Enthalpy Calculations Today s control systems generally are capable of performing mathematical operations on their variables. This opens the door for calculating enthalpy using psychrometric equations contained in the ASHRAE Handbook of Fundamentals or the ASHRAE Brochure on Psychrometrics. Both of these documents contain psychrometric equations that can be solved for enthalpy if other parameters are known. Usually, the required inputs include dry bulb temperature, relative humidity or dew point, barometric pressure and elevation. For most applications, assuming a constant elevation and barometric pressure for the site will provide a satisfactory level of accuracy. As a result, the calculation can be reduced to one based on dry bulb temperature and humidity or dew point. For instance, outdoor air temperature and humidity are measured, then outdoor air enthalpy can be calculated and used for enthalpy based economizer interlocks assuming a return air enthalpy. Space or return air temperature and humidity sensors can be used to calculate space or return air enthalpy, and economizer changeover strategies based on differential enthalpy can be implemented.
3.6.4. Pressure Sensors and Switches
Pressure switches are also used in some systems to provide a safety interlock to prevent over or under pressurization of the duct or air handling unit casing in the event of a control failure. This is discussed in greater detail in the Chapter 3, Section 3.5: Control Strategies.

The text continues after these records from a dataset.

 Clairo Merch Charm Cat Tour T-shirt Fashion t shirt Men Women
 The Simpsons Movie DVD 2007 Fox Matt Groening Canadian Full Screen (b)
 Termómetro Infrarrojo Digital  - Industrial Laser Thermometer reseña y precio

While pressure sensors are not used directly by the economizer cycle, they are used in some control strategies to modulate the relief air dampers, which relates to the economizer function. This is discussed in greater detail earlier in Chapter 3, Section 3.1.3: Building Pressure Control. When this approach is employed, building static pressure is measured and the system is arranged to modulate the relief dampers to maintain a slightly positive pressure in the building.